#### [WORK TASK]
Read through the material below and copy each line in which the word "pour" occurs.

#### [STORED DATA]
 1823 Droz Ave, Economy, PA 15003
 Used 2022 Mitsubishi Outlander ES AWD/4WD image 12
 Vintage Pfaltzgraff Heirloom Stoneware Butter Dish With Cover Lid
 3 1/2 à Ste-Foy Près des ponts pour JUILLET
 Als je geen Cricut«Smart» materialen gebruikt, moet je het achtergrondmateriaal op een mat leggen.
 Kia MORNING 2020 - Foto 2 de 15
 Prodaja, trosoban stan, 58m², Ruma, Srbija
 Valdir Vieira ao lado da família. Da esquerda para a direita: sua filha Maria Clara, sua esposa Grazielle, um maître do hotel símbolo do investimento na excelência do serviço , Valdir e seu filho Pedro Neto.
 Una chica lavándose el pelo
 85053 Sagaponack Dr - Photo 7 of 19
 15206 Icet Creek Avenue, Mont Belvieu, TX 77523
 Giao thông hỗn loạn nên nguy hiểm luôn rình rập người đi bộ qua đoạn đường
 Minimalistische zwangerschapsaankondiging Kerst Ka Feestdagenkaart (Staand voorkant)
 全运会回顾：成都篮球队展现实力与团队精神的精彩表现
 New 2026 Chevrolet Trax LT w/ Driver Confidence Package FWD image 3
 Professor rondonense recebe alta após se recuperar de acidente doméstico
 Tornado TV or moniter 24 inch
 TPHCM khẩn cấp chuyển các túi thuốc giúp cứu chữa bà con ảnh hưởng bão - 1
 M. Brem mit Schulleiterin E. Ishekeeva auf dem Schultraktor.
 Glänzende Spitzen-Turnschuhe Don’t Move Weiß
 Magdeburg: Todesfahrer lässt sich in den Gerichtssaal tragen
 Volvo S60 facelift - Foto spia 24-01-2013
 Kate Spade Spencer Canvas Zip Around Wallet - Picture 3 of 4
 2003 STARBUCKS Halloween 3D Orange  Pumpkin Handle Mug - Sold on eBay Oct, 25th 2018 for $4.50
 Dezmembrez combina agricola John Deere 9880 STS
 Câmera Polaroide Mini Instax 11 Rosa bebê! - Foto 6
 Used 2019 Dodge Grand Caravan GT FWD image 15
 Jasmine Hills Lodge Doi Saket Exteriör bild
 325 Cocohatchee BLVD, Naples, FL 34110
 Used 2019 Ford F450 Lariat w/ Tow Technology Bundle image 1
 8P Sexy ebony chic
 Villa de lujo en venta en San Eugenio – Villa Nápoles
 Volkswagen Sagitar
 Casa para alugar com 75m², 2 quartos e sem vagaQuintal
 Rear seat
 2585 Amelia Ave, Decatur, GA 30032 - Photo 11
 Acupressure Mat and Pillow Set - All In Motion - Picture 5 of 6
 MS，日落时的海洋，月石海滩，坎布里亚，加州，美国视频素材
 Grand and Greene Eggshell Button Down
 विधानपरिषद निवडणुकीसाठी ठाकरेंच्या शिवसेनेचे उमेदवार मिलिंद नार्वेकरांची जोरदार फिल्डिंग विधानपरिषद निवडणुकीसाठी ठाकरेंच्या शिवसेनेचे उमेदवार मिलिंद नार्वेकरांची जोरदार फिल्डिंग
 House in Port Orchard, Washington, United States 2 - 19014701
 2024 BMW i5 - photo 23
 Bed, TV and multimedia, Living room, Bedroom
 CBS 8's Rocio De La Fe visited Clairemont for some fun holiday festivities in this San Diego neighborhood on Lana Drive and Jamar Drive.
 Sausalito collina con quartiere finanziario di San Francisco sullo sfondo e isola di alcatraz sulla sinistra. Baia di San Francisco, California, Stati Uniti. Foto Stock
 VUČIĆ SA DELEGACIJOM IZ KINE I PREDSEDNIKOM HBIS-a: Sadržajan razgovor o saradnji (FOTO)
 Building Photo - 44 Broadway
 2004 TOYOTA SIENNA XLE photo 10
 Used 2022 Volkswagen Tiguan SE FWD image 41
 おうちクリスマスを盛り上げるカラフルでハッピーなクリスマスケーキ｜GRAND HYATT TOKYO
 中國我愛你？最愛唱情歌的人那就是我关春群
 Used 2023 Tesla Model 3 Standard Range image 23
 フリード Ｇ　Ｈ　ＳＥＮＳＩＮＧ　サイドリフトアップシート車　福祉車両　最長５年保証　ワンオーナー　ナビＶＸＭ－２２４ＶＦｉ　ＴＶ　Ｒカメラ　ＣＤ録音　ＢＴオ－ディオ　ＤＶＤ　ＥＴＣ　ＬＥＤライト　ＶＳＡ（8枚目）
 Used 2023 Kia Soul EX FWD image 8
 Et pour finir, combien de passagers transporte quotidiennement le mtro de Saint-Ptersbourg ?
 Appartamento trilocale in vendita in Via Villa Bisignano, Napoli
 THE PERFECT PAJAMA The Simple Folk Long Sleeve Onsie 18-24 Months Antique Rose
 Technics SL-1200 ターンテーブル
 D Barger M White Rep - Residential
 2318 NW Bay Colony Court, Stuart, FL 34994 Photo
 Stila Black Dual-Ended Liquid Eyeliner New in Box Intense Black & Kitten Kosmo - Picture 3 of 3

#### [THE COMPLETED TASK]
 3 1/2 à Ste-Foy Près des ponts pour JUILLET
 Et pour finir, combien de passagers transporte quotidiennement le mtro de Saint-Ptersbourg ?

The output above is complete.